After completing the task, we will disable the rule and publish the changes. This is to allow us to test upcoming rules in later steps, as they all affect the same IP address.

1. Navigate to Data Management → Security → DNS Infrastructure Protection Rules.

2. Click on the link for the 20250702-16 rule.

3. Click the plus (+) symbol to add a custom rule.

4. Choose the Denylist BLACKLIST DROP UDP IP prior to rate limiting from the drop-down template list.

5. Click Next to configure the rule parameters.

6. Set the Severity Level to Critical.

7. Set the Blacklisted IP address/network to 203.0.113.254.

8. Click Save and Close.

9. Select All Custom Rules.

10. Note the rule ID for the newly created rule (120103001).

    • You can use the text editor Geany under Application List -> Geany on jump-desktop to save your rule ID.

11. Publish the rule when prompted.

12. Switch back to the support-server VM (training/infoblox).

13. Open the bmon tool.

    • Expand the terminal window so you can see the colored charts that visualize DNS traffic flow during our tests.

14. Press the down arrow key on your keyboard to select the eth2 interface.

    • This indicates that you are monitoring traffic on the eth2 interface, which is connected to the 203.0.113.0 network.

15. Open another terminal window.

16. Type the command queryperf.

17. Use 100 QPS.

    • This value is arbitrary; we can use any value we want.
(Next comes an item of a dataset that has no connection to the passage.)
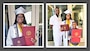 IN THE PHOTOS, Erika Wallace, M/V Mississippi Machinery Mechanic Ervin Wallace's daughter, at her recent high school graduation ceremony. Not only did she graduate from the Public School, Fredrick Douglas High School, on time, but she graduated as the senior class valedictorian with an astounding 4.4 GPA. Congratulations to both father and daughter for achieving this major accomplishment.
Any volume of traffic should be blocked.

18. The bmon window should show a very brief spike in queries just before the rule gets triggered, followed by no traffic at all after the rule is triggered, which verifies that our traffic from the malicious IP 203.0.113.254 is being blocked and our custom rule has been triggered properly.

19. Switch back to jump-desktop.

20. On the Grid Manager UI, navigate to Administration → Logs → Syslog.

21. Choose extibns.techblue.net from the Log Viewer drop-down menu.

22. Click the Toggle multi-line view link.

23. Select Threat Detection Event Logs from the Quick Filter drop-down list.

24. Enter the rule ID for the custom rule you noted earlier (120103001).

25. New syslog entries with a rule ID matching the custom rule ID (120103001) should indicate that the rule triggered a DROP action, with category of BLACKLIST DROP UDP IP prior to rate limiting, verifying our observations in bmon.

26. Navigate to Data Management → Security → DNS Infrastructure Protection Rules.

27. Click on the link for the 20250702-16 ruleset.

28. Click the Quick Filter drop-down list.

29. to select All Custom Rules.

30. Click the hamburger icon next to the custom BLACKLIST DROP UDP IP prior to rate limiting rule for 203.0.113.254.

31. Click Disable.

32. Publish the changes when prompted.